The 1856 election shows the last time that the old alliance won out, as you can see that the Republican candidate had very little support outside of Greater New England. The combination of the moral fervor of the anti-slavery movement, which eventually won over the whole North, and the unreasonable expectations of the numerically inferior South, eventually brought the rest of the North to the Republican party.

Today I feel I see a bit of the reverse. The Liberal Patriot has a post up, Working Class and Hispanic Voters Are Losing Interest in the Party of Abortion, Gun Control and the January 6th Hearings, that shows the Democrat party catering more and more to the interests of college-educated whites, their intelligentsia. One of the arguments you saw around 2010 is that the McGovern coalition of liberal whites and minorities was now actually feasible. But this presupposed that minorities continued to vote Democrat at the same rates as before. The reality is that minorities without college educations are drifting away from the Democratic party.

What’s left then? The Democrats know what it’s like to run a huge and fractious coalition. With fewer and fewer moderates the party will finally have moral clarity. But victory? That I doubt.

Republican dominated states that are more pro-choice than you think

Because our politics have been nationalized, it’s easy to forget there are still regional quirks and variations. Comparing Pew’s 2014 views on abortion by state with 2020 election results, you can see that states like Wyoming, Montana, and Alaska are far more Republican and pro-Trump than they are anti-abortion. That didn’t matter too much…until recently.

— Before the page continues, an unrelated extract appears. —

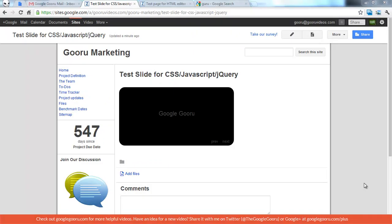Welcome back to Google Guru. I want to touch on an update today for Google Sites. You can now put CSS, JavaScript, and jQuery directly onto a page with a new type of HTML editor.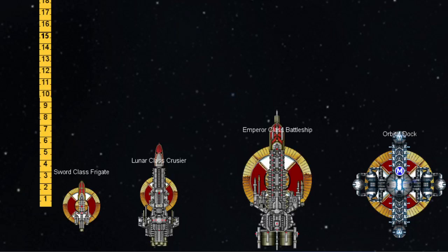Hello everyone and welcome back to Navis Nobilite. I am Captain Zelnick and we are continuing the tutorial videos, and we're going to be talking about the different classes of ship that exist in the game.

Popularism is probably stillborn


Democrats Thought They Bottomed Out in Rural, White America. It Wasn’t the Bottom:

Republicans have never had a demographic stronghold as reliable as Black voters have been for Democrats, a group that delivers as many as nine out of 10 votes for the party. But some Democratic leaders are now sounding the alarm: What if rural, white voters — of which there are many — start voting that reliably Republican?

“In rural America the bottom for the Democratic Party is zero,” said Ethan Winter, a senior analyst at the group Data for Progress, who studies voter behavior. “I am serious about this.”

Rural, white voters in the past in the North had historic ties to the labor movement and an affinity for the Democratic Party. Increasingly, Mr. Winter said, those voters are more akin culturally to their neighbors to the South than to their local cities and suburbs.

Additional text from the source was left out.